Flux Schnell 3x Faster, 3x Cheaper? Mission Accomplished for Each AI

Back to articles

Performance Models

Nov 8, 2024

Quentin Sinig

Go-to-Market Lead

Bertrand Charpentier

Cofounder, President & Chief Scientist

Each AI x Pruna AI: Together, To Make AI More Accessible

Pruna AI is on a mission to make AI more efficient and sustainable by offering a cutting-edge model optimization engine. Each AI, on the other hand, designs powerful workflows by integrating the best vision-based AI models available from top providers like Minimax, Hailuo AI, Elevenlabs, Runway, and more. But what if the base models could actually be optimized versions?!

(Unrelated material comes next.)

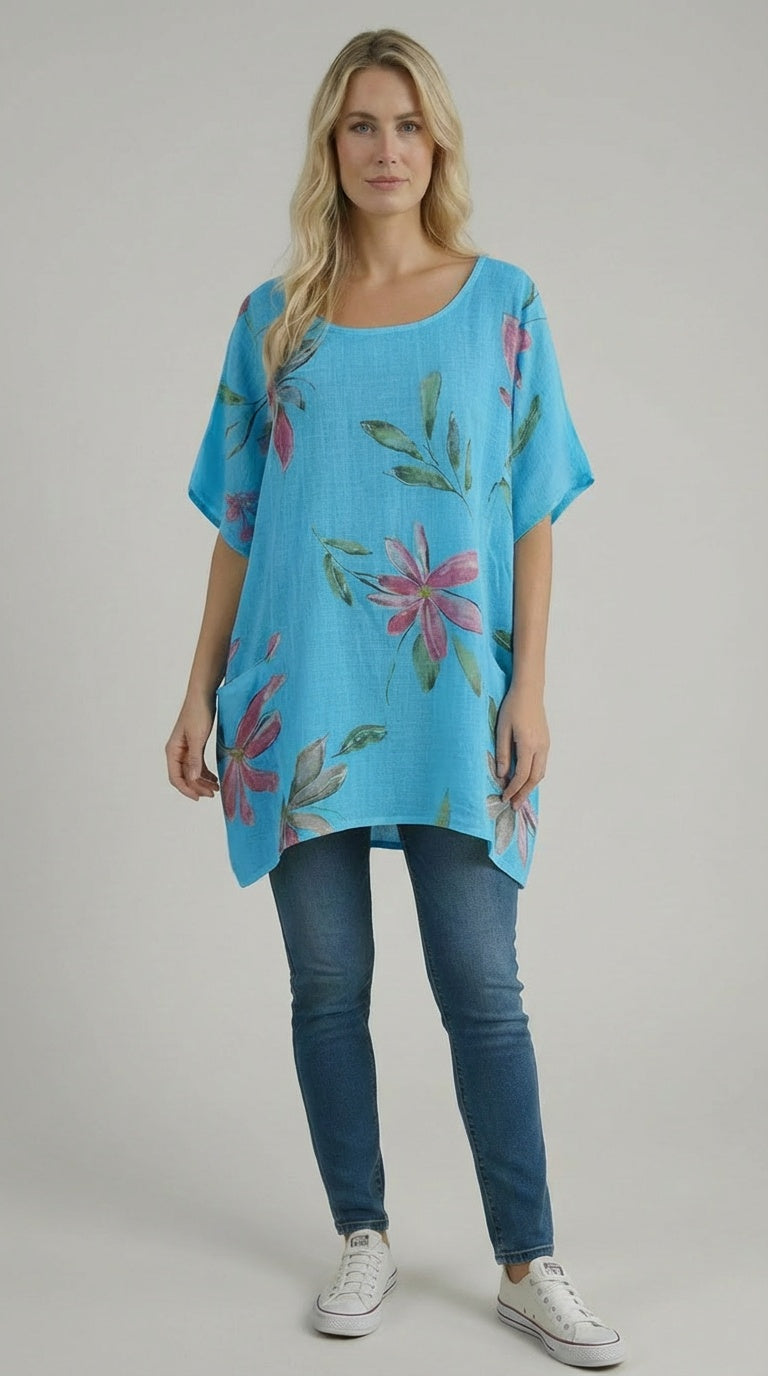 Plus Size Cotton Top Turquoise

Each AI recently reached out to Pruna AI with a straightforward goal: enhance performance and reduce costs. In a matter of days, we went from initial talks to fully deploying an impactful use case, marking the start of an exciting partnership! Together, as co-members of the NVIDIA Inception Program, we shared a strong foundation to drive efficiency further in AI workflows.

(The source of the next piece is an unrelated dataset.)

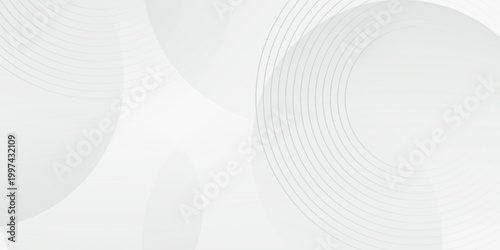 3D white geometric abstract background overlap layer on bright space with circles shape decoration. Modern graphic design element cutout style concept for banner, flyer, card, cover, or brochure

Flux Schnell: 3x Faster, 3x Cheaper? Mission Accomplished.

At Pruna AI, we had already released both 4-bit and 8-bit versions of Flux Schnell and knew its capabilities well. In our tests, running on an A100 with a 10124x1024 pixels asset, we had already observed a +26% speed improvement, achieving generation times of 1.7 seconds. But we went further in this deployment, with even better results!

Cheaper? Check. The cost per use went down significantly. Originally deployed on an A100-40 instance, Flux Schnell now runs smoothly on an A10G instance.
Faster? You Bet! Processing time dropped from 10 seconds to just 3 seconds—a 3x speedup. While a small portion of time (due to Kubernetes Pod startup) remains beyond compression’s reach, the results were impressive regardless.

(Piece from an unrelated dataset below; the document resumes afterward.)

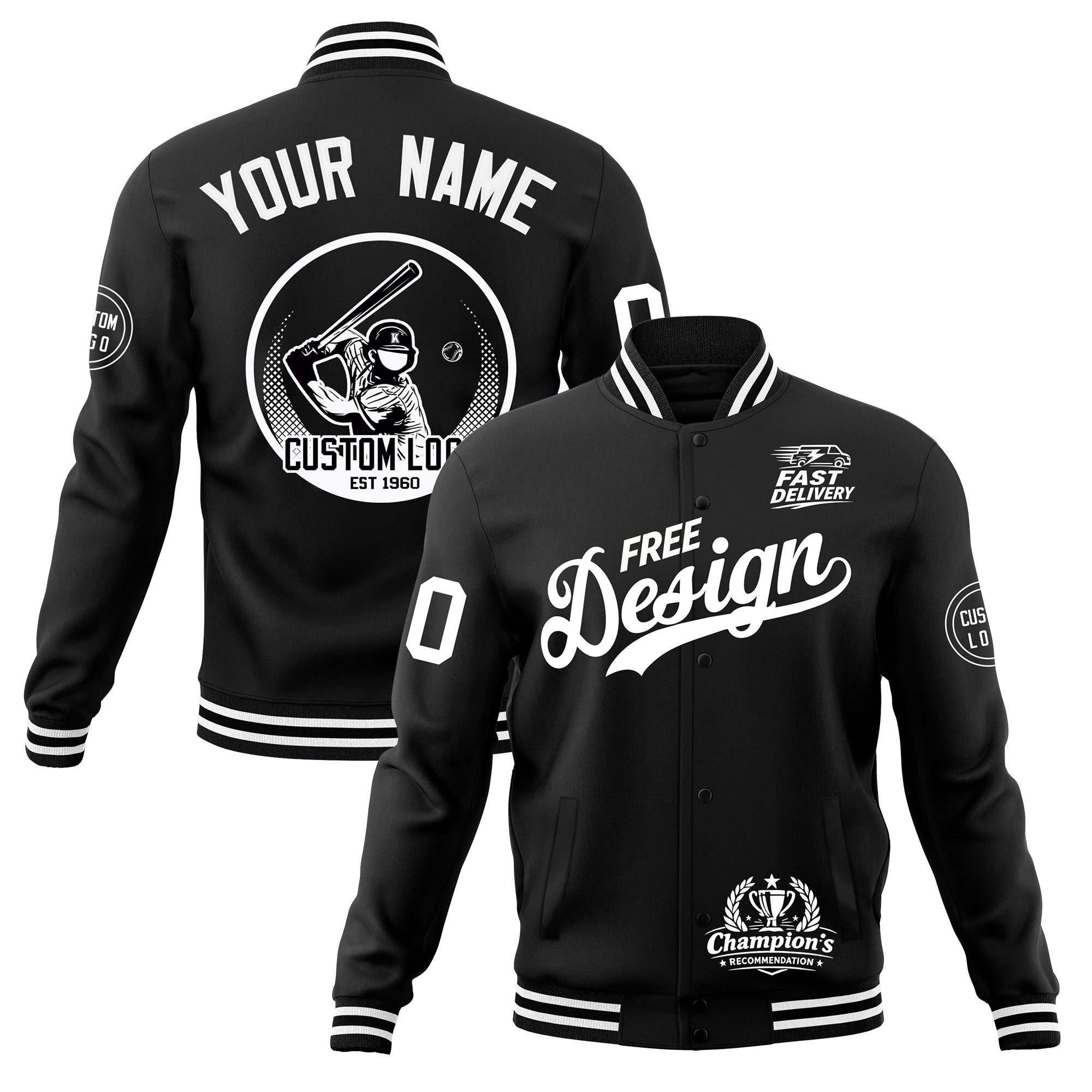 Custom Black White Classic Style Full-Snap Breathable Jacket| KXKSHOP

Quality Test Drive? Tested and Proven. To ensure optimized performance, Pruna’s Flux Playground tool verified metrics for accuracy and consistency. Each AI then routed 10% of their production traffic through the optimized model to test for any potential issues. With 10 requests per second, the model maintained high performance without a hitch. Confident in the results, they’re now moving to make Pruna’s optimized model the default!

Speed & Cost Efficiency: Make or Break for AI-Native Startups

In a world where the trend is to build AI products with VC funding, reaching profitability quickly is essential. It’s all too easy to take the “lazy” path of relying solely on funding. Now is the time to be scrappy, and do more with less. AI-native startups like Each AI face a tough reality: funding can run out faster than their models become profitable. That’s why performance and cost efficiency are essential, not optional. Faster processing enhances user experience and drives conversion to paid plans, boosting revenue. At the same time, controlling compute costs is critical to preserving margins as the platform scales. In short, speed and cost control are make-or-break factors in today’s competitive AI landscape.

From Zero to Production in Days

We all know there’s nothing like real details to see how a project actually gets done, right? Here’s the exact workflow Eftal (Each AI’s CEO) and his team followed, so you can see it wasn’t magic—just solid engineering.

Development Environment: They loaded everything on a Jupyter Notebook (psst, check this one!) for development.
Setup: They installed the required dependencies (transformers, python packages…) and downloaded files from Hugging Face repository.
Implementation: They started with sample code snippets from Pruna’s documentation, incorporating custom schedulers and tokenizers, and upgraded to PyTorch 2.4.1.
Deployment: Final deployment was managed on cloud serverless services.

This efficient approach got the model up and running with minimal friction, proving that even complex integrations can be quick with the right resources and guidance.

More Optimized Models on the Horizon!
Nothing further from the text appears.